**Instructions for the task**
Your copy should start at the line with "飞机窗外的云海背景图片" and end at the line with "#151 - Brown" in the data below. Transcribe only those lines, exactly, pictures excluded.

**Data to process**
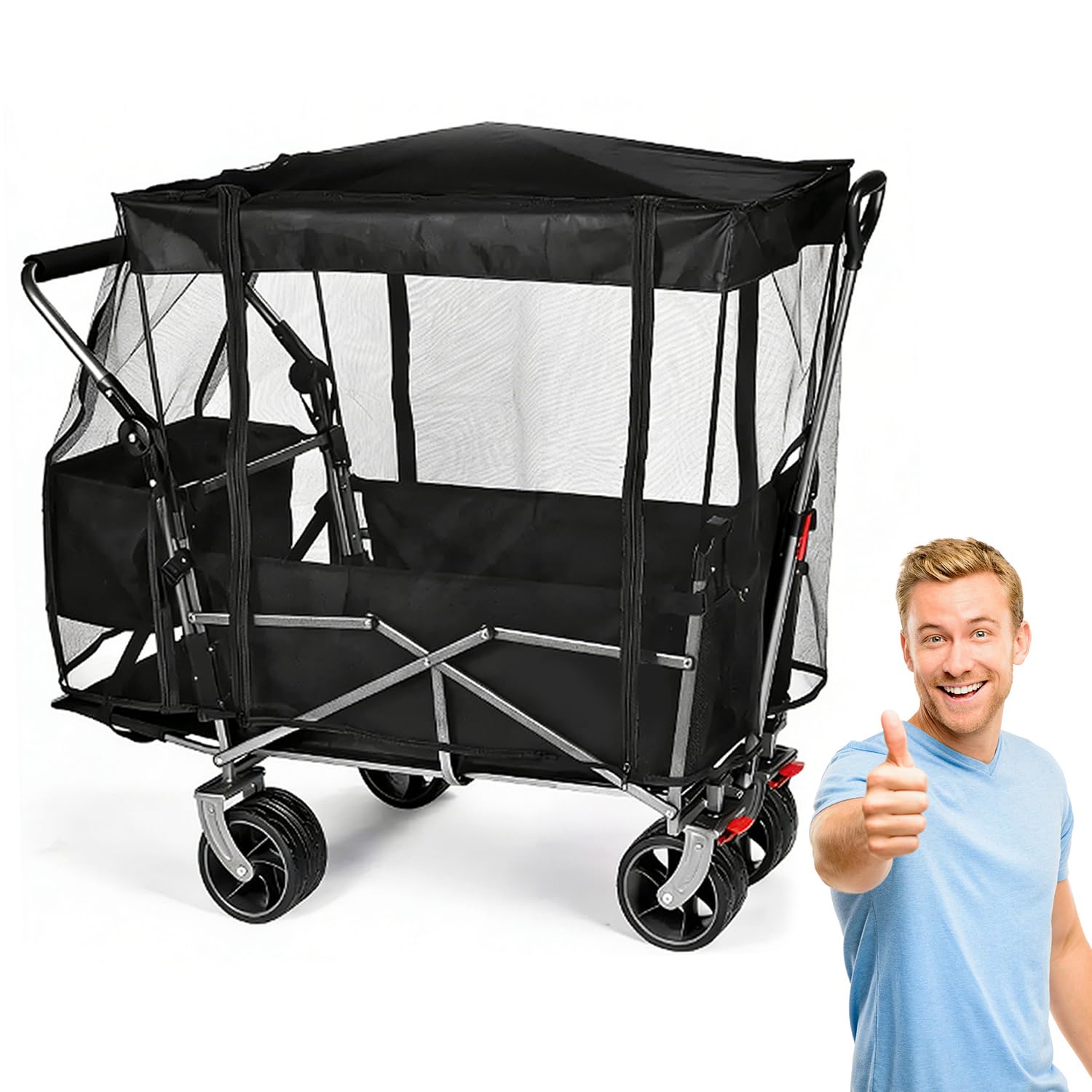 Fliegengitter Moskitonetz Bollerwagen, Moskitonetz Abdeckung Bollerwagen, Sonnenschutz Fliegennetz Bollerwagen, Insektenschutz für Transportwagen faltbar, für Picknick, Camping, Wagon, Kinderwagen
---
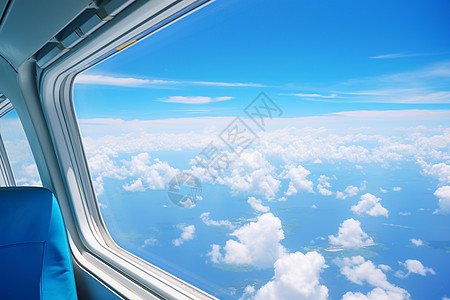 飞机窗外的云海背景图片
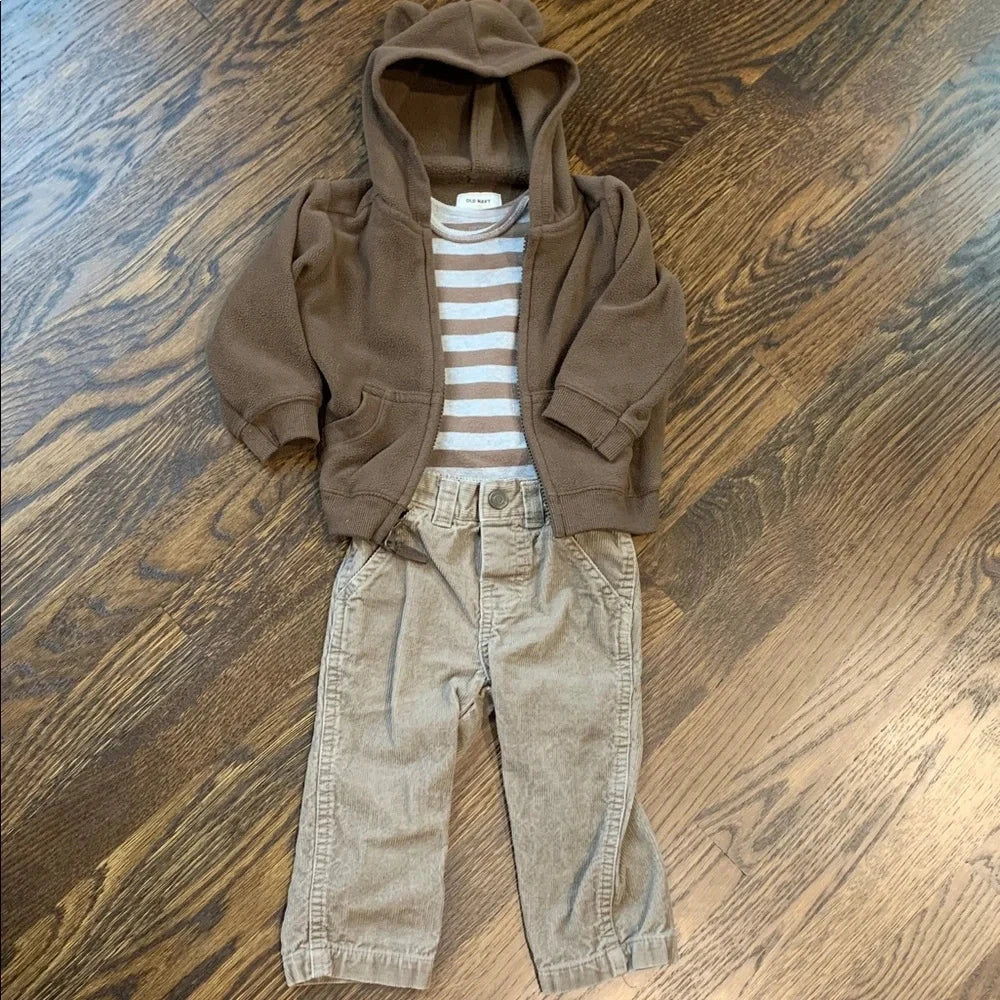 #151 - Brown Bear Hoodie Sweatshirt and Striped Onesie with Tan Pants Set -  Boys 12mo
* * *
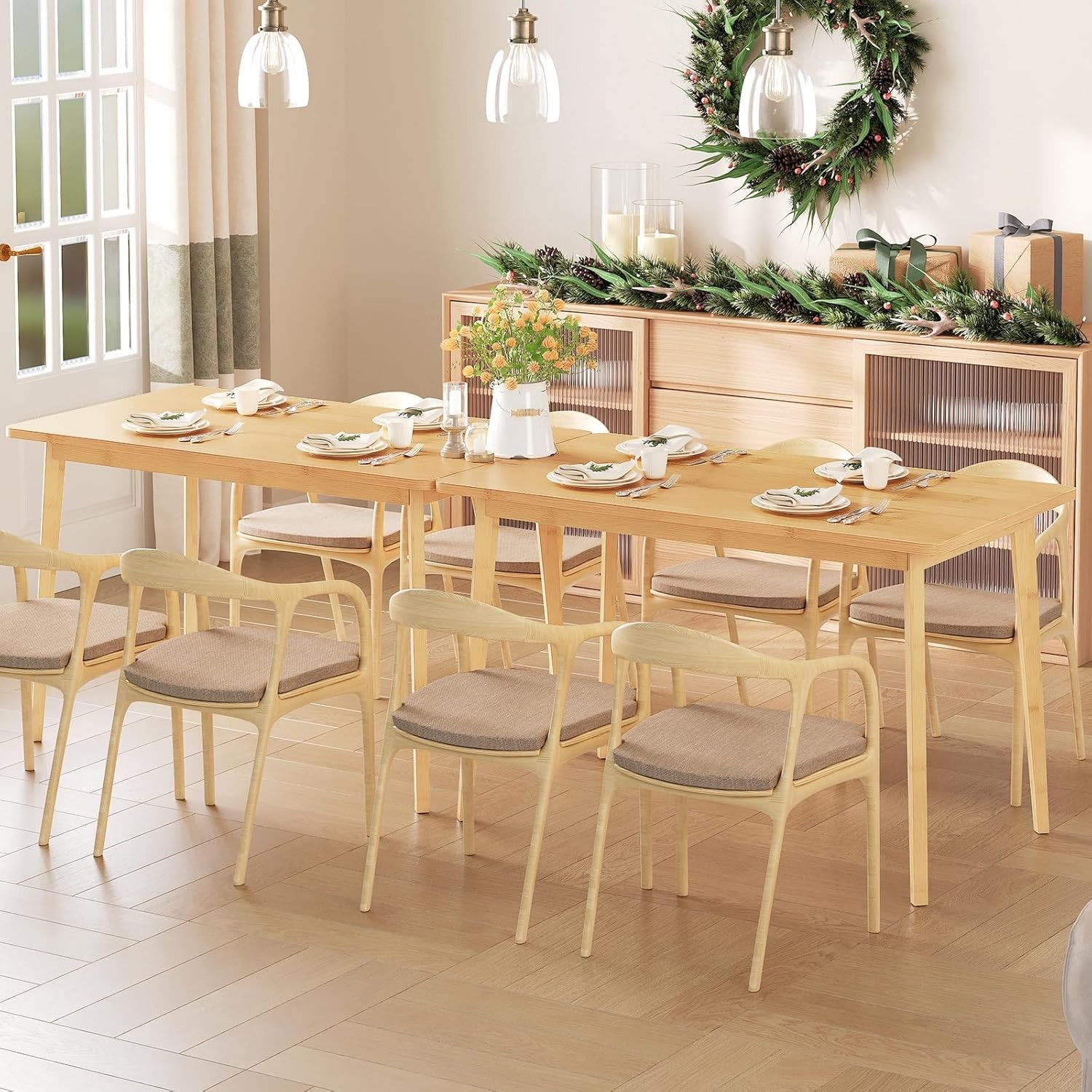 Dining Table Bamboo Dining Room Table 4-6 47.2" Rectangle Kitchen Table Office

**Response box**
 飞机窗外的云海背景图片
 #151 - Brown Bear Hoodie Sweatshirt and Striped Onesie with Tan Pants Set -  Boys 12mo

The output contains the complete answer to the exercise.